OPEC+ Cut Spurs US Hedging

OPEC+ Cut Spurs US Hedging
OPEC+ Cut Spurs US Hedging

The decision by the Organization of Petroleum Exporting Countries and allies last week to cut oil production has spurred a flurry of activity in the options market, with more US bettors opting for a bearish stance, data from CME Group showed.
OPEC+, as the group is known, decided on Wednesday to cut its target by 2 million barrels per day, including voluntary production curbs by Saudi Arabia and other nations, Reuters reported. 
Oil futures have risen by over 7% since to five-week highs, as the move was seen as putting a floor under the market.
However, the US oil options market, skewed toward buying put options, used to either bet on or protect against downside movement. 

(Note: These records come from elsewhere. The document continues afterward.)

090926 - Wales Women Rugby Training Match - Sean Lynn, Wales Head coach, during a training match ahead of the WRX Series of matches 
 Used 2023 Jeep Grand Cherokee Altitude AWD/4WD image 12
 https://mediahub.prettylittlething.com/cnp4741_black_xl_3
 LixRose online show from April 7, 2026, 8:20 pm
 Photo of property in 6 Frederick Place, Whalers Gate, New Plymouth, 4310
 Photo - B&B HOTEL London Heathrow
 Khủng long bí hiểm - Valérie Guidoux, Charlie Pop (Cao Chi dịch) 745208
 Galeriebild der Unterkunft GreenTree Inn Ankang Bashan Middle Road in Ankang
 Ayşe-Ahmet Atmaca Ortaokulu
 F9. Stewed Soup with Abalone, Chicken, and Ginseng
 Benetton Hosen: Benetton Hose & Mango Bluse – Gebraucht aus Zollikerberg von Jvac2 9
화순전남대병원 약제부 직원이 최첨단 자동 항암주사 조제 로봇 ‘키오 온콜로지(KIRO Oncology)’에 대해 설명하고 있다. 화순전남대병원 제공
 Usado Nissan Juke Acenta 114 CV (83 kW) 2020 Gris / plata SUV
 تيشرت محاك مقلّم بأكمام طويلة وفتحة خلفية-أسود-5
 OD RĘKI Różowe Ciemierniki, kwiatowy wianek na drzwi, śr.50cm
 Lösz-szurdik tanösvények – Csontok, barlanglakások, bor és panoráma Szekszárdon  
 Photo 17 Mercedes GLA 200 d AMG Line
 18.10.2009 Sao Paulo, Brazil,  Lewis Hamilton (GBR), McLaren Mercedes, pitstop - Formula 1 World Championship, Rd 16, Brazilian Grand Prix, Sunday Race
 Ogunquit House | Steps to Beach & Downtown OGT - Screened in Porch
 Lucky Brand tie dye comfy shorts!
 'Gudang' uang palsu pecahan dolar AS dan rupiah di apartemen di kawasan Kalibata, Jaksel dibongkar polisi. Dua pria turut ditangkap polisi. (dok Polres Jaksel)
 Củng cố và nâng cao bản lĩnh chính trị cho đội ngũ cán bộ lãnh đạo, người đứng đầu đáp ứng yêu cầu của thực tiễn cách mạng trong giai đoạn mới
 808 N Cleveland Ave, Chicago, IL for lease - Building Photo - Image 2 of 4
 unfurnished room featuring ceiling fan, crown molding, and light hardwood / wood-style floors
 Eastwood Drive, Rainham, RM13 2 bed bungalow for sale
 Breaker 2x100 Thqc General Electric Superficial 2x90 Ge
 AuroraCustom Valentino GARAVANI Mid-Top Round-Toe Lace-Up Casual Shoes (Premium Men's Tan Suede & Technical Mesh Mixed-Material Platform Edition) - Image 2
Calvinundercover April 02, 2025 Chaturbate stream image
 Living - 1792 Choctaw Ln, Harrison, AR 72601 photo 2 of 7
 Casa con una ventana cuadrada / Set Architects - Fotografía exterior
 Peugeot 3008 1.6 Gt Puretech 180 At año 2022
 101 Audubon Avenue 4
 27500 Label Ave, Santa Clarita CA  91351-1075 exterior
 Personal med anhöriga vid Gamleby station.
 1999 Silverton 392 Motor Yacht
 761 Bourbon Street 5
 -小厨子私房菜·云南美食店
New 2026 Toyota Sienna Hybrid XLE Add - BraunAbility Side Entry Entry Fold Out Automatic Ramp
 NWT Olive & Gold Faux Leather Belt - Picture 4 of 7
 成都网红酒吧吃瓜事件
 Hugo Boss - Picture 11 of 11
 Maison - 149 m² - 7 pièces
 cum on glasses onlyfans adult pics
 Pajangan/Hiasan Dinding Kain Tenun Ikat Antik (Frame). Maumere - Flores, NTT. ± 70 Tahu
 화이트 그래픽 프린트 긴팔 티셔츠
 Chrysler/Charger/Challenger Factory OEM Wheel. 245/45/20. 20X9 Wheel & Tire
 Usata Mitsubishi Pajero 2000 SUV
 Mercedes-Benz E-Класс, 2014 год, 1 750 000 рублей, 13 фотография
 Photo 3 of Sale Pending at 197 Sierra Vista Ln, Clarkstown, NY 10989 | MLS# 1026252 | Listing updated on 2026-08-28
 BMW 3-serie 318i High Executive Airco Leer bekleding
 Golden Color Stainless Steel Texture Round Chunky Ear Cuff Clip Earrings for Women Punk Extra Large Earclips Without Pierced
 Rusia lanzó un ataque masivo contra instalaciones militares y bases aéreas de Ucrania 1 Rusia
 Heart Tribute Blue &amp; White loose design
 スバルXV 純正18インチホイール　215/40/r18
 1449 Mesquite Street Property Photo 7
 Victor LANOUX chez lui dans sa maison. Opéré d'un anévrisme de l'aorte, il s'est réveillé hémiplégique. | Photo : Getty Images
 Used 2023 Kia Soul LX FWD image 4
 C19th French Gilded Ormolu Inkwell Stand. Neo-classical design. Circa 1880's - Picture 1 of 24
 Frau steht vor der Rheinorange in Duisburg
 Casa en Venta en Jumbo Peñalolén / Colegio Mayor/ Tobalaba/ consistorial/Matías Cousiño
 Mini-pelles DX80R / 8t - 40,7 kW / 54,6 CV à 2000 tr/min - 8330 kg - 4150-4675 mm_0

There are several reasons why this can happen, including worry about weaker demand, or because the cheapness of those options made it an opportune time for oil companies to buy to protect against downside.
“I would classify the put buying as hedges,” said Bob Iaccino, chief market strategist and co-founder of Path Trading Partners. 
“Demand is still expected to be weak and get weaker given the overall economic picture … so it is just massive, massive hedging in case the downside develops.”
Trading volumes for US crude futures and calls for November delivery gained over 40% to Wednesday.